I will now proceed to list some of them to give you an idea of what I mean.

-That first day when it's barely warm enough to do so, when you roll the windows down on your car and cruise with the wind in your hair. Now anyone who knows me, knows that driving does not belong on my list of favorite things, but it is one of the things I find I sort of miss while here. I love walking everywhere and experiencing everything as the French do (slowly) but I also miss getting somewhere fast, and conveniently.
-Scrub clothes. I'm talking those jeans with so many holes, that are so worn out you are almost too embarrassed to wear them in public...almost. That paired with the hoodie that's lasted you longer than any relationship you've had. ;) The closest thing I brought like this with me from home is a tee from high school, and some soffe cheerleading shorts. le sigh.
-Being able to walk around without shoes. The french don't do it...like ever. Liana and I do it while upstairs (for the most part) but when we go downstairs at all, we have to have shoes on. Now, we have never been told this rule, but we follow by example, therefore if Chantal and Dominique are doing it, so are we.
-My roommates/friends I find myself thinking about those nights when things weren't going our way, when things were amazing, when we were sleep deprived, when we were lazy all day. The nights spent laying with eachother sharing secrets and stories, and the car rides filled with obnoxious and slightly embarrassing tunes. Bonfires that lasted too long, beach days that involved junk food and slushies, and loud singing in the car. dancing together to clear tension. Parties.shopping. bonding.movies...I could go on and on and on in this one. I miss my girls, I miss the select few boys I actually hung out with (haha) and trust me I plan to make plenty of new memories with all of you this summer.
^That being said, I have made some amazing friends here, and am blessed to have done so. I hope to god to be able to see them over the summer, and am happy that I will at least still have a few of them in Michigan. Thinking about parting ways in June makes me very sad already. The closeness we have encountered here is sort of hard to explain, and is something I'll never forget.

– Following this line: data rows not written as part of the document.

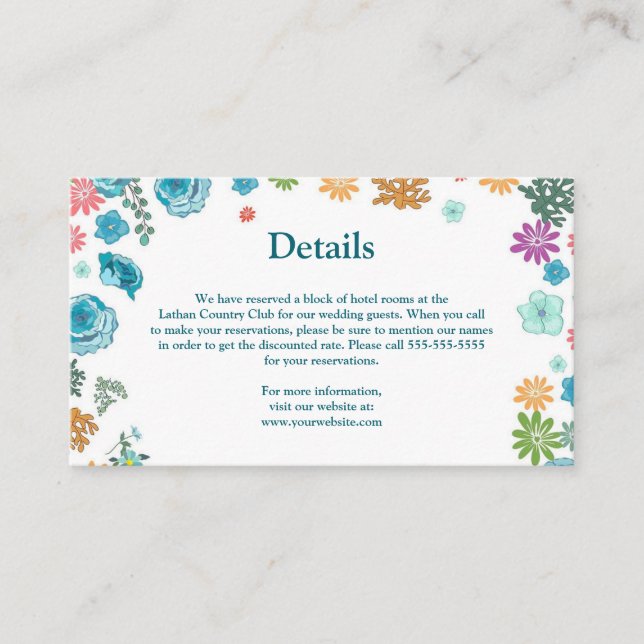 Carte D'accompagnement Roses bleus modifiables Détails du Mariage (Devant)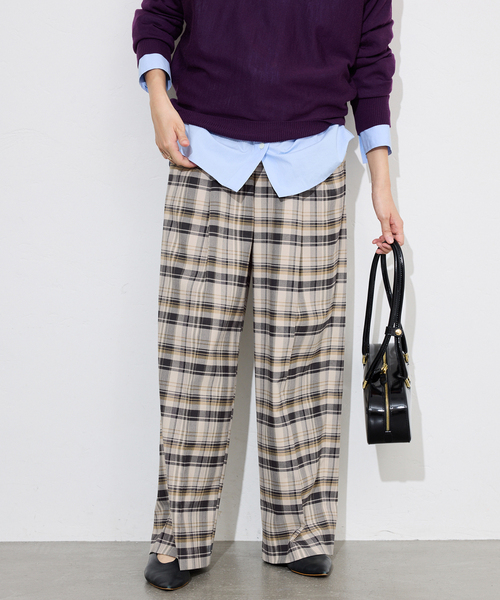 SLOBE IENA（スローブイエナ）の「ナロータックチェックトラウザー（その他パンツ・レディース・アイボリー/ブラウン・FREE）」の8枚目の写真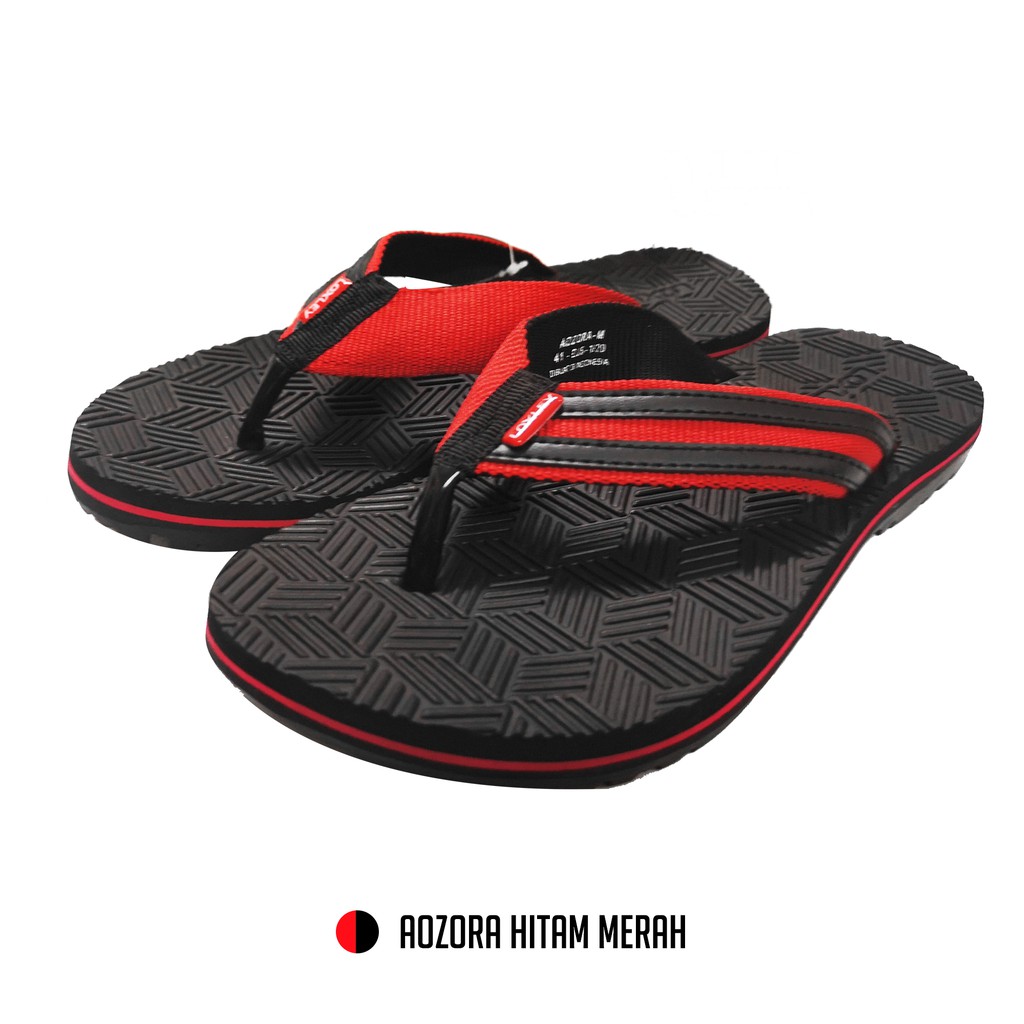 Sandal Jepit Casual Pria Loxley Aozora Merah &amp; Abu 100% Original Terjangkau Size Besar (41 - 44)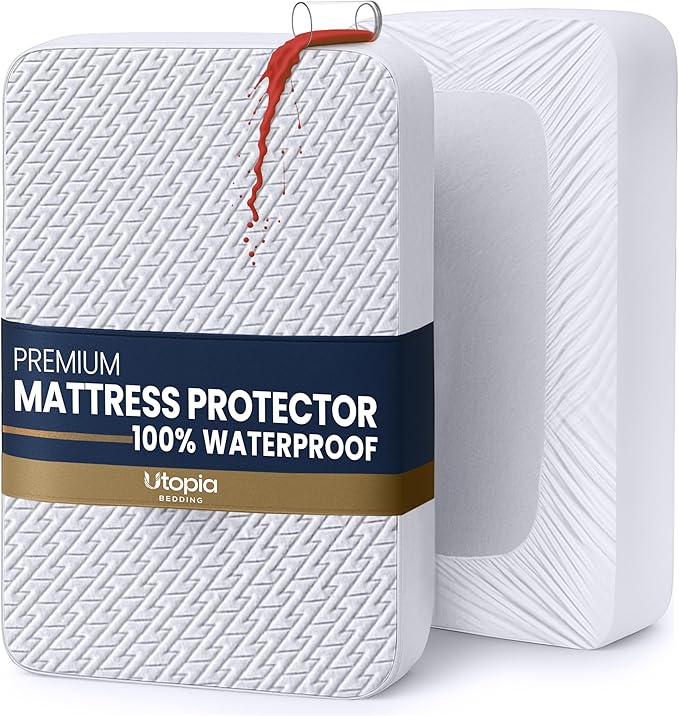 Utopia Bedding Waterproof Mattress Protector Queen Size, Premium 3D Air Soft Fabric Mattress Cover, Fits 17 Inches Deep, Breathable, Fitted Style with Stretchable Pockets
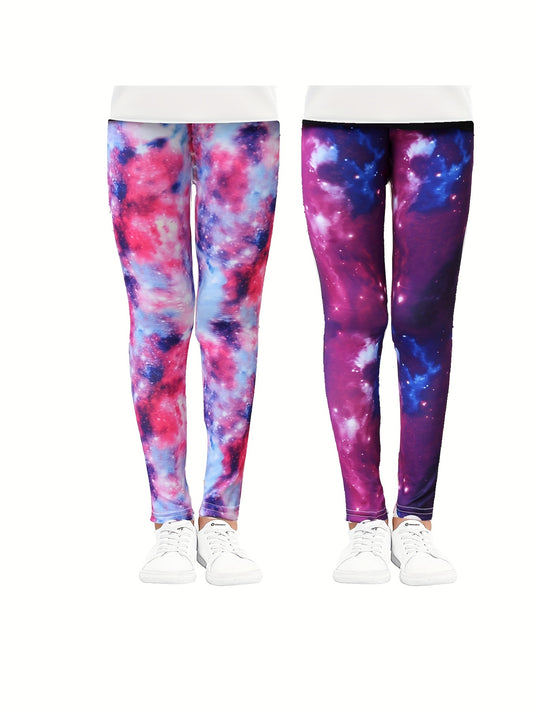 2pcs Girls Tie Dye Waistband Leggings Set for Kids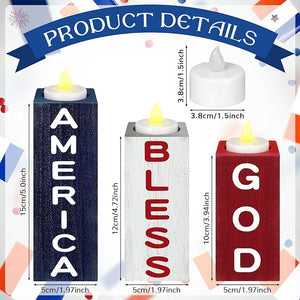 3 Pcs “God Bless America” 🇺🇸 Patriotic LED Wood Candle Holder & Tea Light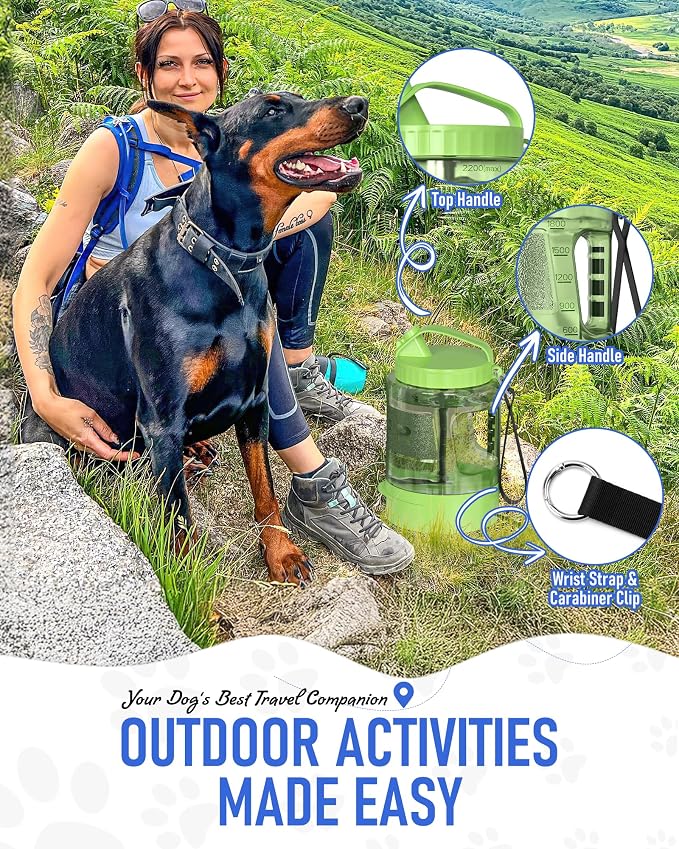 Portable Dog Travel Water Bottle, 77oz Large Portable Dog Water Bowl Dispenser - Image 7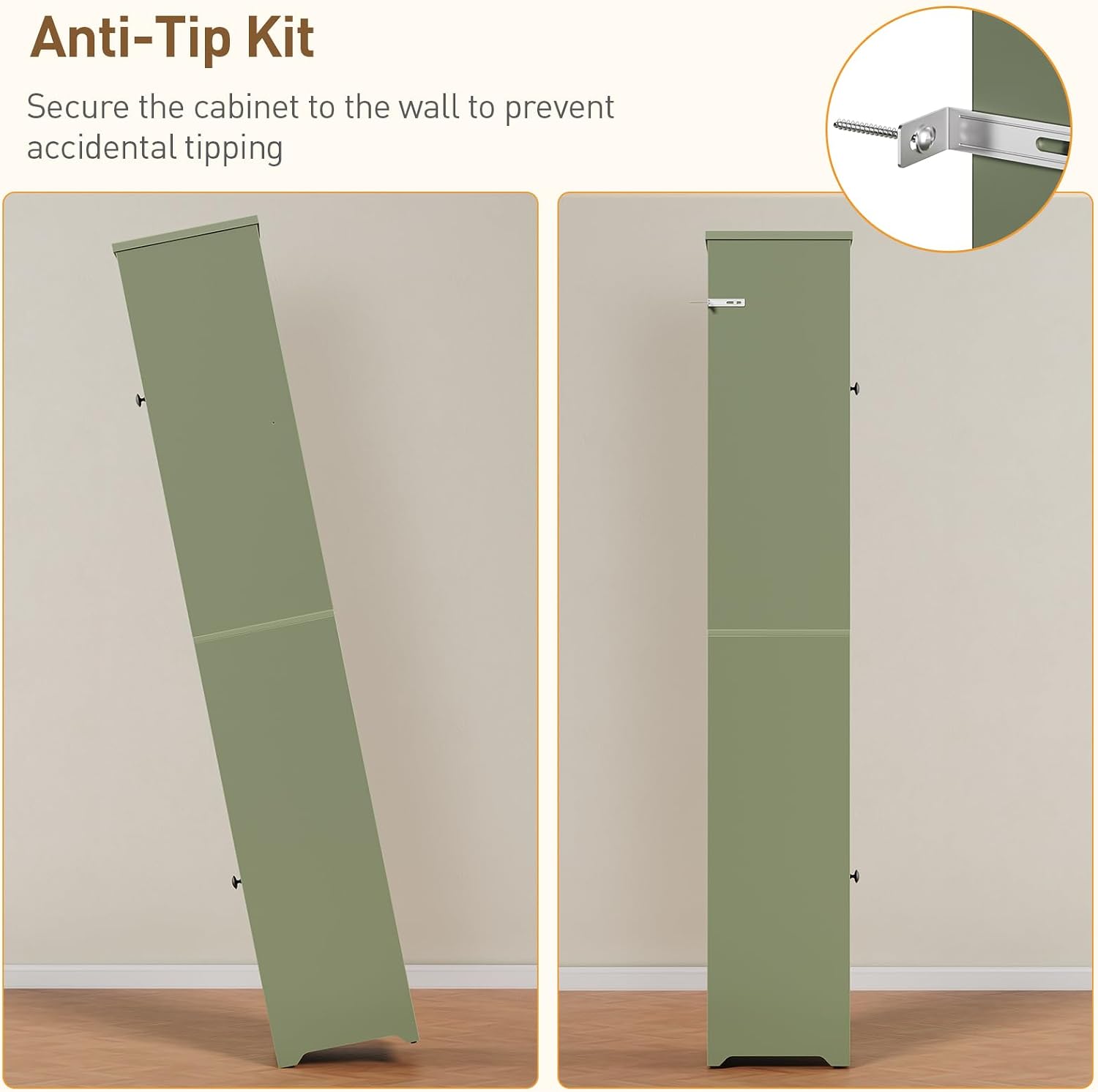 RALGEND Tall Bathroom Storage Cabinet, 67" H Slim Bathroom Cabinet Storage with Adjustable Shelves, 6-Tier Tall Storage Cabinet, for Bathroom, Kitchen, and Dining Room, Green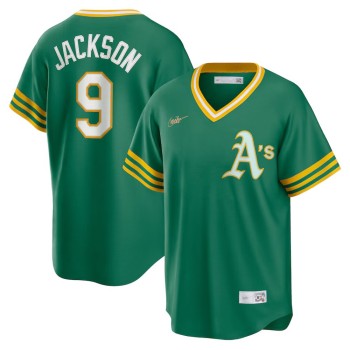 Men's Oakland Athletics #9 Reggie Jackson Kelly Green Road Cooperstown Collection Player Jersey Men's Oakland Athletics #9 Reggie Jackson Kelly Green Road Cooperstown Collection Player Jersey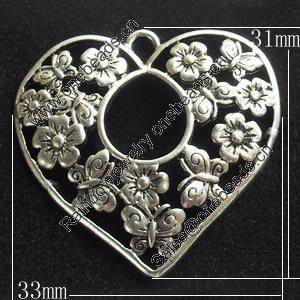 Pendant, Zinc Alloy Jewelry Findings, Heart, 33x31mm, Sold by Bag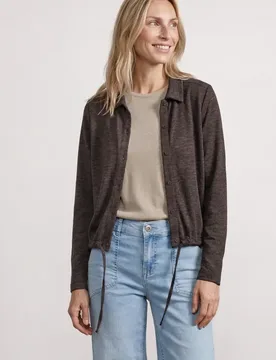Leichte Langarm Jacke in Leinen-Optik female Braun - Street One - FashionsVida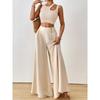 Casual Style Plus-Size High-Waisted Drapey Wide-Leg Pants for Women Summer Cotton-Linen Texture Slimming and Flattering Skirt Pants Commuting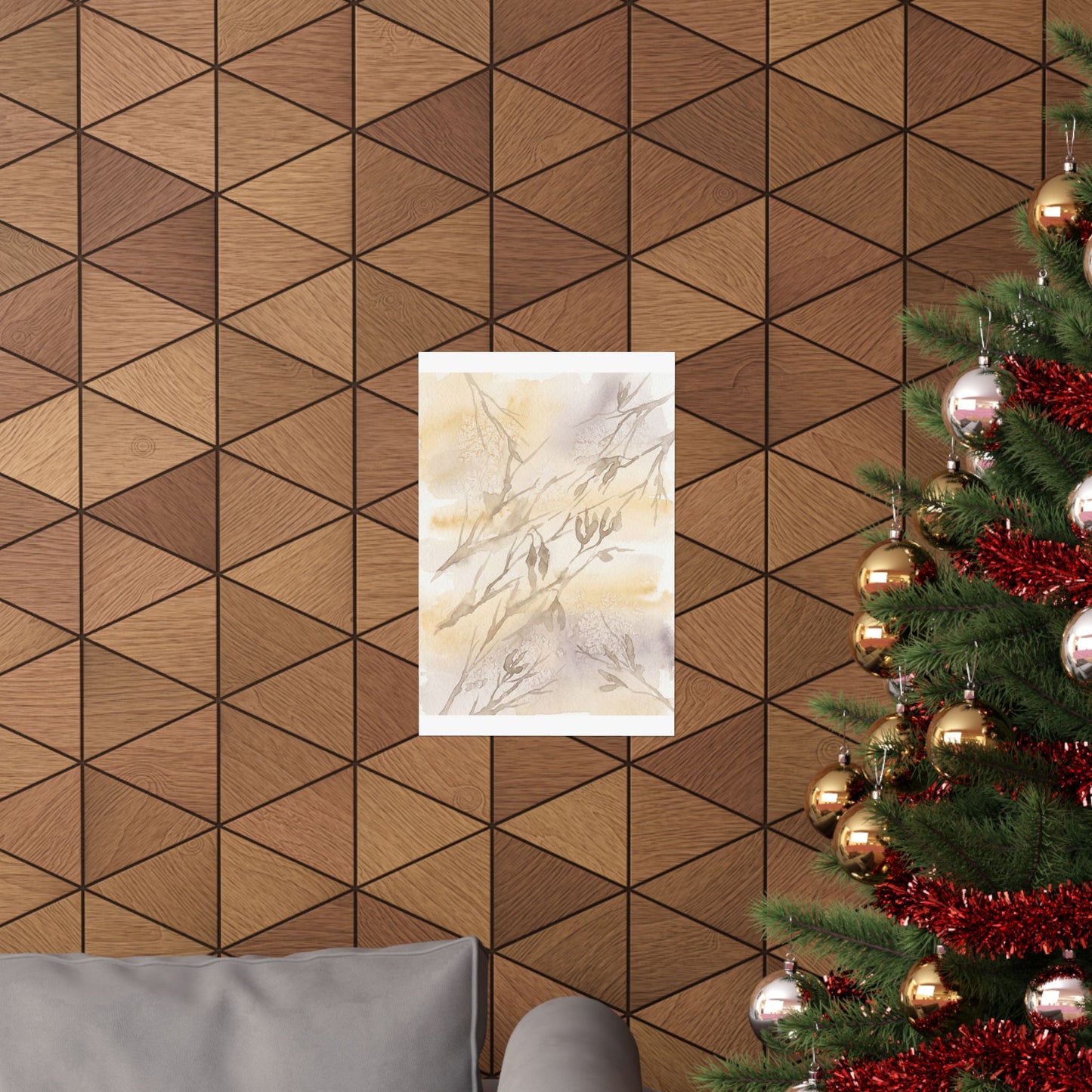 Shadow Play Winter Wall Art Print | Japandi Warm Design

-Family. I miss my sisters. I know that most people my age are at the rebelling against family stage, or just nearing the end of it...I'm not sure I ever hit this rebellion. I have always wanted attention from my sisters, and as I got older it turned from me being the annoying young girl bothering them, to a friend who can share secrets and jokes. I miss having Kristina 5 minutes away while at school, and during particularly rough times, just laying in her bed watching t.v. I miss singing loudly and offkey in the car with Jenelle. I miss friday nights with my girls drinking more coffee than anyone ever should in one night, and telling more personal information than family should know about eachother.  I miss my mom's advice on everything I do, and creating new masterpieces of dessert with her...and of course shopping. I miss my dad pretending to ignore everything I say, but teasing me about it later. I miss witnessing Josh get bigger, and having him repeat stupid things (and maybe inappropriate ones) and I'm sad to be missing Jack in his first few months of life. I know that I am truly blessed to have such a tight knit family, and am lucky to have all of these people believe in me. I cannot wait to see you all again.

I could go on for a while about things I miss from home, but truth is, If I could move the people here, I'd never leave. I love Angers, I love France, and the thing I miss most is the people who mean the most to me. I promise I'm not an emotional wreck or anything, I just have been writing about all these fantastic things I've been doing, and plans I'm making...and just wanted everyone at home to know that I haven't forgotten about any of you. You're all on my mind at one point or another, and in that way, we're not really that far apart. After all,
we are all looking at the same moon.